Lors de la campagne pour les élections européennes, les débats en France se sont essentiellement portés sur les questions migratoires. À cette occasion, RFI vous propose un reportage avec des exilés soudanais à Ouistreham, qui attendent la requalification de leur statut de « dubliné » pour pouvoir commencer leur procédure de demande d’asile en France.
En France comme dans d’autres pays européens, le thème de l’immigration aura dominé les débats des élections européennes, qui ont lieu du 6 au 9 juin. Pourtant, l’Union européenne (UE) n’a de compétence qu’en matière de droit d’asile, et pas sur l’immigration familiale ou professionnelle.
Ces élections auront d’autant moins de poids sur la politique européenne d’immigration que le Parlement vient d’adopter le Pacte asile et migration, après plusieurs années de rudes tractations.
Parmi les points âprement discutés, le règlement de Dublin, sur lequel repose une grande partie du système d’asile européen, mais que certains pays refusent désormais d’appliquer. Illustration dans un campement de migrants de Ouistreham, dans le nord de la France, d’où partent des ferries pour l’Angleterre.
Une grande tente abrite le trésor du campement.

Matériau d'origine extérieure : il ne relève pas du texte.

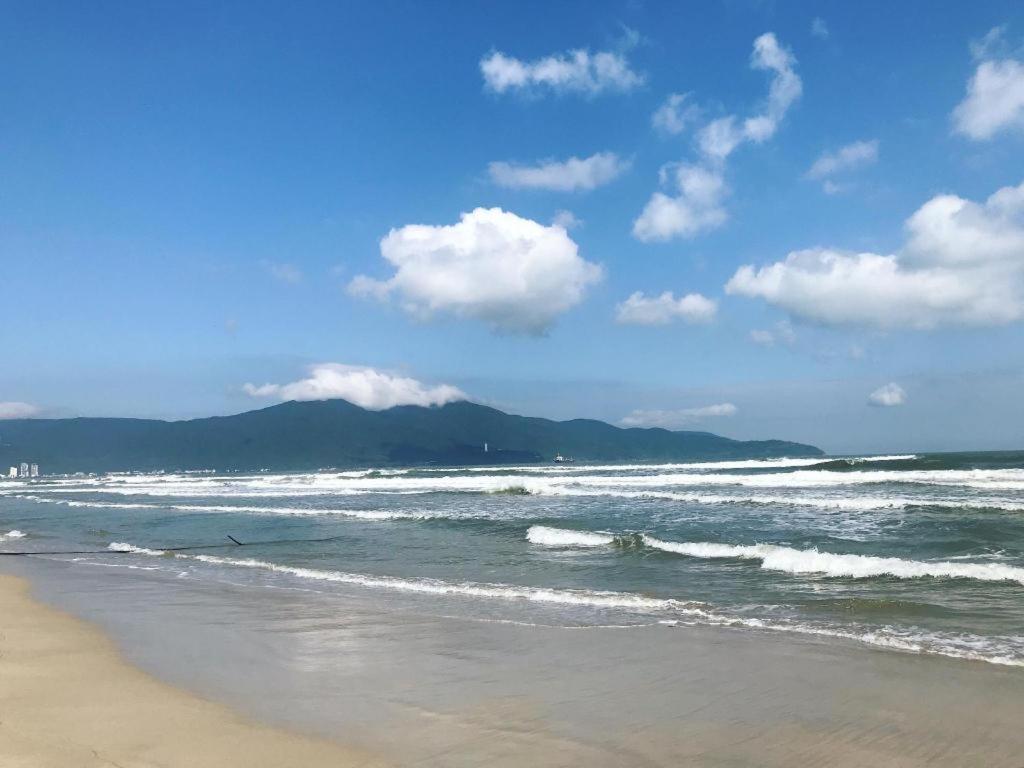 Gic Land Hotel Da Nang Luaran gambar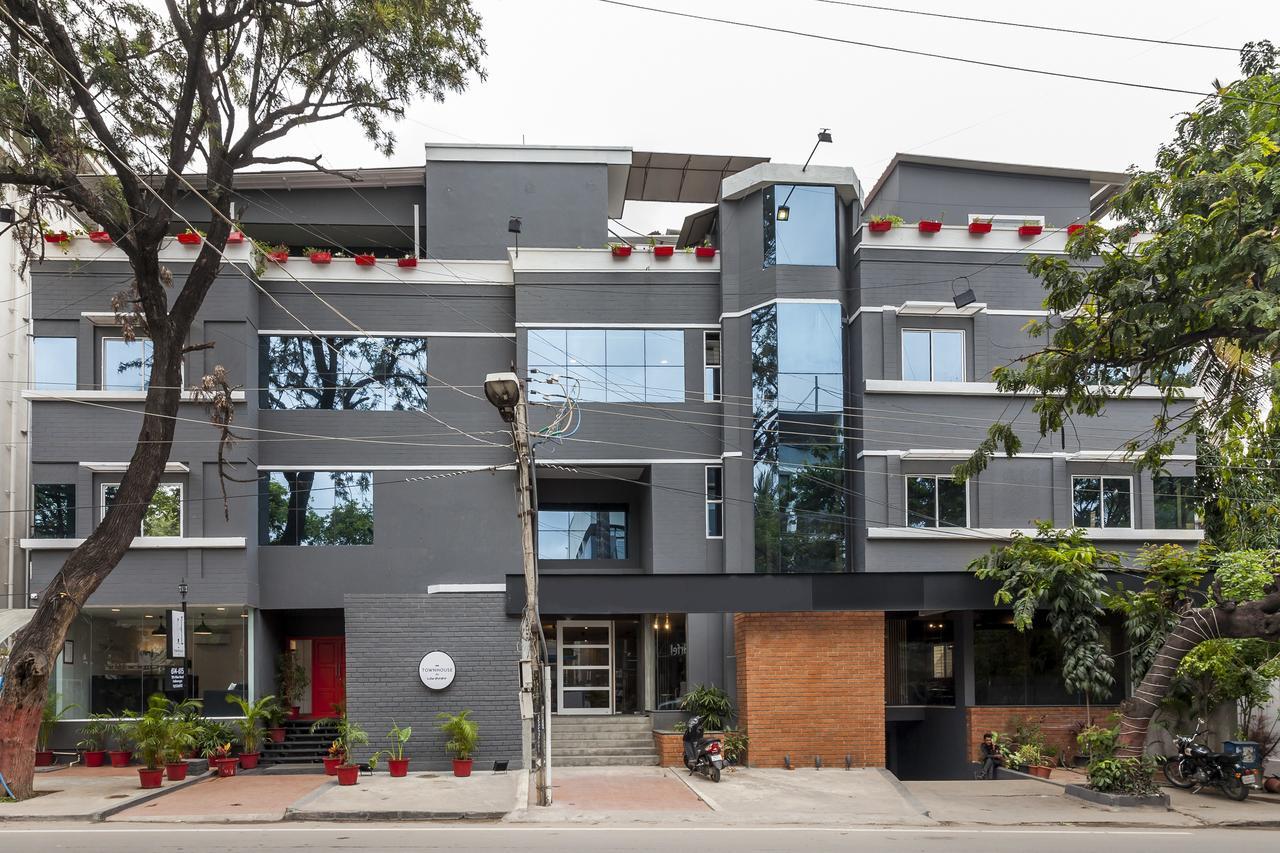 Hotel Oyo Townhouse 007 Indiranagar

Un boîtier électrique qui permet de charger son téléphone.
Ici vivent près de 70 personnes au bord d’un canal, non loin du port. Particularité de ce camp : il ne compte que des jeunes Soudanais de l’ethnie Zaghawa. Ils sont originaires du Darfour du Nord, en proie à une guerre civile.
Moussab a 25 ans.
Il est arrivé en octobre dernier à Ouistreham après un long et dangereux voyage. « Libye, Tunisie, Italie… Là-bas, il n’y a pas de travail ! Ici, en France, ça va aller », espère-t-il.
Moussab a entamé des démarches pour demander l’asile en France, mais comme tous les autres soudanais de Ouistreham, il est ce qu’on appelle un « dubliné », c’est à dire que son dossier d’asile dépend du premier pays d’arrivée en Europe.
« La situation est vraiment dure ici »
Fleur Bertrand-Montembeault, bénévole à l’association la Cimade, les accompagne dans leur parcours administratif. « La première chose que font les demandeurs d’asile en arrivant en France, c’est qu’ils vont se déclarer en préfecture, explique-t-elle. Très souvent, on se rend compte qu’ils ont déjà déposé leurs empreintes dans un pays tiers. Souvent l’Italie, l’Espagne, parfois Malte ou Chypre. Cela retarde l’entrée en procédure normale, en France, de leur demande d’asile. »
Car c’est le pays d’entrée dans l’Union européenne qui est responsable de la demande d’asile. En l’occurrence, l’Italie.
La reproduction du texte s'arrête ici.